So, stores had done a wonderful job in getting us to transport an empty box to the very bottom of Africa where I had a most pleasant time with a total time away of about 10 days. With my previous tour having been on the Puma, I found the way of life most acceptable.

Me

ShyTorque 15th Jan 2024 13:25


With my previous tour having been on the Puma, I found the way of life most acceptable.
Are you saying that you didn’t enjoy living in the field in a 7’ by 5’ tent with not enough pegs and a pole missing?

No, neither did I. ;)​​​​​​​

Asturias56 15th Jan 2024 13:36


After the “Atlantic Conveyor” sank, during the Falklands War, it was calculated that considering all the stores subsequently written off as on board the ship at the time, it would probably have gone down in the harbour where it was all allegedly first loaded.
my father was ground crew on a Beaufighter strike squadron out of Shetland. Over about 3 winter months they did v little flying and lost no-one. Then, regretfully, they did an op and lost a single aircraft. He said it could never have got off the ground according to the list of items written off against it when it didn't return. 2x 30ft extendable ladders was just the start..................

teeteringhead 15th Jan 2024 14:03


Came in very useful later when we were able to find a farmer willing to sell us some contraband. https://www.pprune.org/images/smilies/evil.gif
Shy - considerably more honourable than a guy I was on a survival course with once.

He went down to the local village, and with the help of his "Wilkie Knife" (remember those?) "persuaded" a local to donate his fish 'n' chips!

He (not the local) was subsequently chopped at Valley for smoking wacky baccy..........

tu chan go 15th Jan 2024 15:06

I was detachment commander on a Tornado GR1 visit to Goose Bay, Canada. We needed a replacement engine (can’t remember why) so I ordered one through the system. Then I got a call from Command Supply (sic) - they would deliver the engine by rail. When I pointed out that there was no railway line that reached Goose Bay, they told me that there was a railway station on the map. Only once I’d pointed out that the line in question only ran for a few miles inland to some forgotten mining location did they agree to send the engine......by road! Despite informing them that the only surface access involved a drive up very questionable roads through countless miles of forest, they insisted that this was the cheapest way to ge the engine to us.

When the truck eventually arrived, the manifest said “2 Tornado engines” (or words to that effect). But there was only one on the flatbed truck - one had fallen off “somewhere along the road”!! So much for the cheapest option!!

oxenos 15th Jan 2024 15:15

Gan, 1960's, Search and Reascue Shackleton . On walkaround the F.E. discovered a cut in one of the tyres. No problem, Gan was required to keep a spare Shack. wheel/tyre assembly at all times.
Suppliers refused to release it, because if they did they would not have one available, and that would be against the rules.
Very short discussion between the Shack. Captain, the Supply Officer and the Station Commander.

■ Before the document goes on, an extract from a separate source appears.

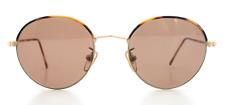 CUTLER AND GROSS Vintage Sonnenbrille 0391 Unisex S Mattgold Braun Panto 90s UK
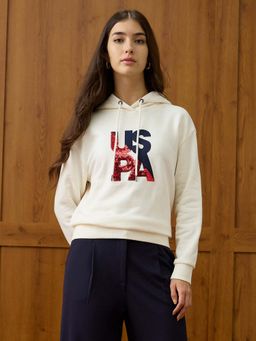 U.S. POLO ASSN. - Regular Fit Brand Printed Hoodie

NutLoose 15th Jan 2024 15:53

Aldergrove, Wessex AOG for a genny, sent AOG from Odiham and arrived packed to perfection, on removing it a huge dent found in the side, the Storeman packing it had dropped it from quite a height and fearful of getting charged had packed it and sent it AOG, needless to say he did get charged and a replacement had to be sent. He had made such a good job of packing it, damage in transit was impossible.

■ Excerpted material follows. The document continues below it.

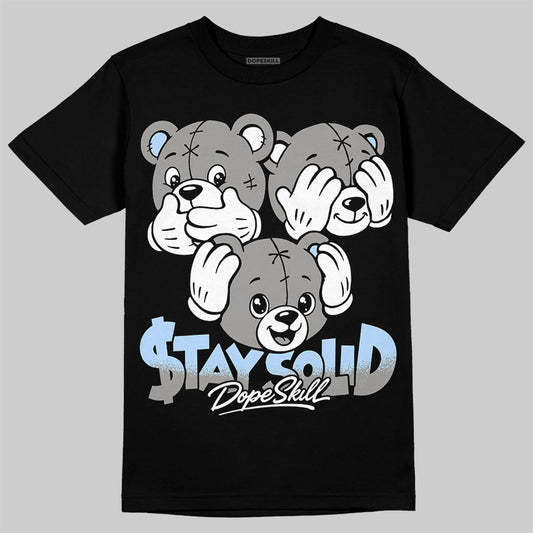 Jordan 5 White Metallic DopeSkill T-Shirt Stay Solid Graphic Streetwear - black
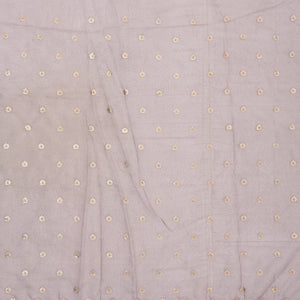 Lilac Woven Supernet Saree With Embroidered Floral Motifs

Ken Scott 15th Jan 2024 16:42

There is a common theme to many of these stories, that of the ‘it’s the last one so you can’t have it’ ilk. I was in RAF Sek Kong, we were deploying out to an island for a few days (Ping Chau or ‘Snake Island’ ) so I went with an other fellow to stores to get a blue holdall. The storeman handed me one but when my compatriot asked for one too he received the ‘I only have one left so you can’t have it’ reply,

No amount of arguing would make him give way, I never understood the problem but suspect that it might be that to have zero quantity in stock was against the rules or perhaps they wouldn’t know where to put them on the shelf when new stock arrived?

Many years later I was at Basrah on the C130J det. One of our ac had a problem with its Stby AI, we couldn’t snag it as that would ground the ac (it was a no go item) and it would take most of a week to get one sent out (the J supply system was meant to be a Just-in-time process from the warehouse in Wootton Basset but that wasn’t quite so effective for detached ops). We ended up flying it for ages rather than lose an important asset, I think until it was rotated back home for servicing.

Saintsman 15th Jan 2024 17:15

I'm reminded of the cartoon showing an irate engineer at the stores hatch, with the Storeman saying "It's no good you pointing at it, the computer says it's out of stock"...

Geriaviator 15th Jan 2024 17:22

Our inimitable Danny42C recalled a serious loss on the Brevet thread, immortalised as a sticky at the head of this forum. A Japanese air raid on his northern Indian airfield had claimed the lives of several airmen, a couple of Vengeance divebombers and his flight’s highly prized 15cwt pickup, their only means of reaching civilisation on their few days’ leave. Over to Danny, and his book In with a Vengeance:


The other loss was a most valuable item of Government property. Before you pour concrete for your new tracks and taxiways, you have to put in hardcore and ram it down. They had no steamrollers, but a Works and Bricks elephant made a very good substitute.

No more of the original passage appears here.